╭─ SUPPLIED DATA

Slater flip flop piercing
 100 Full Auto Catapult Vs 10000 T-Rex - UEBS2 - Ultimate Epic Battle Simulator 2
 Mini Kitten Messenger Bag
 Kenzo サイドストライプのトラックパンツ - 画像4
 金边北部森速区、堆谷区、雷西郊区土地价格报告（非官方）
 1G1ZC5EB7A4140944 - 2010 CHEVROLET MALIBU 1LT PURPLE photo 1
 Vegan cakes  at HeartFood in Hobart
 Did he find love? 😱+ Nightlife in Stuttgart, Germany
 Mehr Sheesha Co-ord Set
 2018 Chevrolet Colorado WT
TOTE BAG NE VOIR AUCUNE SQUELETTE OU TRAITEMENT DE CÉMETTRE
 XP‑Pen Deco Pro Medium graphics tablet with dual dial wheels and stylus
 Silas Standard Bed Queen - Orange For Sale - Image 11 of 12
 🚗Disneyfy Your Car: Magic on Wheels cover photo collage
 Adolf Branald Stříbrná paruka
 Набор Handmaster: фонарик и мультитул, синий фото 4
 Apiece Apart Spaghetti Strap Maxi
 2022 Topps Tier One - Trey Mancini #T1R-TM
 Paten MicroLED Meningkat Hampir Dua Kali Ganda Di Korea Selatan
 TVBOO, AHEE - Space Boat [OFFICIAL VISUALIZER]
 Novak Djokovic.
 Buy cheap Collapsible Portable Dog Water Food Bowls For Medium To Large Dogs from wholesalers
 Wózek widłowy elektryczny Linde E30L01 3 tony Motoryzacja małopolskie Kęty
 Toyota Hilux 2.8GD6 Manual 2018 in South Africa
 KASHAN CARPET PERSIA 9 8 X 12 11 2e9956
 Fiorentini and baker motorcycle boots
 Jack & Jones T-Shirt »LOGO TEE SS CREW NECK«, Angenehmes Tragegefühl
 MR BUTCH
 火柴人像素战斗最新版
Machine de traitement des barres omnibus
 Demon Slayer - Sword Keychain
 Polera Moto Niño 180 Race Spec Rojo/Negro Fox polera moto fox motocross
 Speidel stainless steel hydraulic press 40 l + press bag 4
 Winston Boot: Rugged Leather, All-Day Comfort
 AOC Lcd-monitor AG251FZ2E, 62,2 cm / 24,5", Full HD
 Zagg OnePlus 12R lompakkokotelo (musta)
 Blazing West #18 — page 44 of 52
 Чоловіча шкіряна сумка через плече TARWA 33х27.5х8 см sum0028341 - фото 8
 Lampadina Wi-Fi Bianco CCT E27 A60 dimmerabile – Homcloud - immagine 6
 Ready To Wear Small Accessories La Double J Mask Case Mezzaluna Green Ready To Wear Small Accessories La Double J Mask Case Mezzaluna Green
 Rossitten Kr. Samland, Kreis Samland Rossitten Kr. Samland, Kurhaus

╰─

== YOUR TASK ==
Copy out, from the records above, every line that holds the string "Full".

== RESPONSE TO THIS TASK ==
 100 Full Auto Catapult Vs 10000 T-Rex - UEBS2 - Ultimate Epic Battle Simulator 2
 AOC Lcd-monitor AG251FZ2E, 62,2 cm / 24,5", Full HD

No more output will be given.